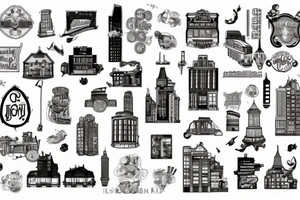 Jorburg city buildings tattoo idea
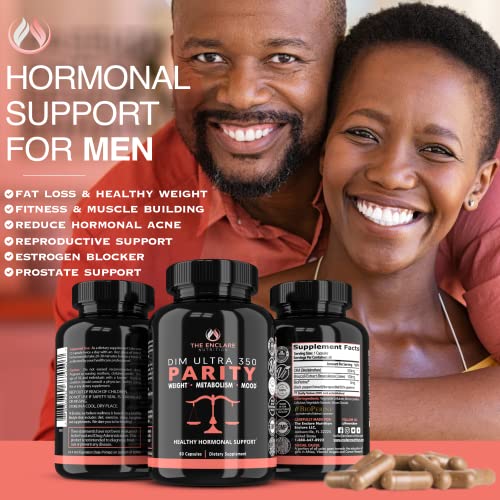 DIM supplement label detail emphasizing USA-made, GMP, and third-party tested.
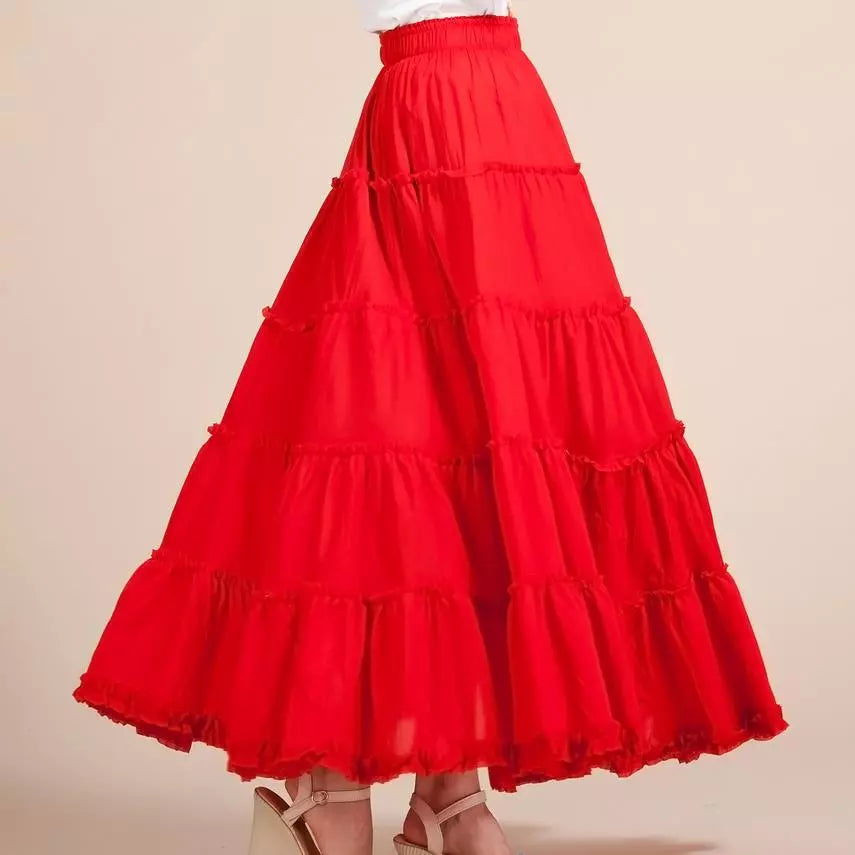 New Summer Women Skirt Linen Cotton Vintage Long Skirts Elastic Waist Boho Maxi Skirts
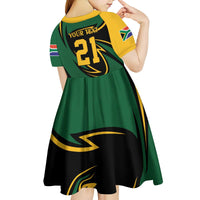 South African Secretary Bird Cricket Custom Kid Short Sleeve Dress Unique Pattern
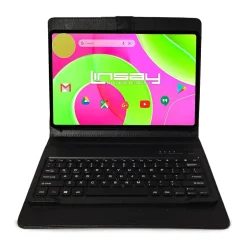 Linsay 12" Octa Core Tablet, 8GB RAM, 256GB Storage, Android 14, Bundled with Black Style Keyboard with App Pack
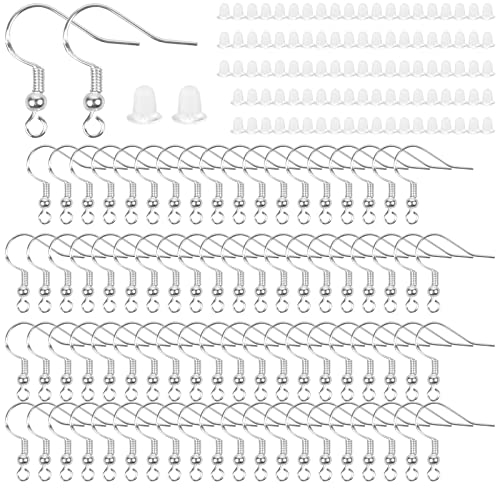 KYSUN Ohrringhaken Set, 100 Stück 925 Sterling Silber Ohrhaken, Ohrring Haken, Hypoallergene Ohrhaken und 100 Stück Durchsichtigen Ohrring Sicherheitsrücken für Ohrringhaken Machen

**Exercise instructions**
In the listing above, find the line with "New Summer Women" and the line with "with App Pack". Output both, plus every line between them, and no pictures.

**Answer to the problem**
 New Summer Women Skirt Linen Cotton Vintage Long Skirts Elastic Waist Boho Maxi Skirts
 South African Secretary Bird Cricket Custom Kid Short Sleeve Dress Unique Pattern
 Linsay 12" Octa Core Tablet, 8GB RAM, 256GB Storage, Android 14, Bundled with Black Style Keyboard with App Pack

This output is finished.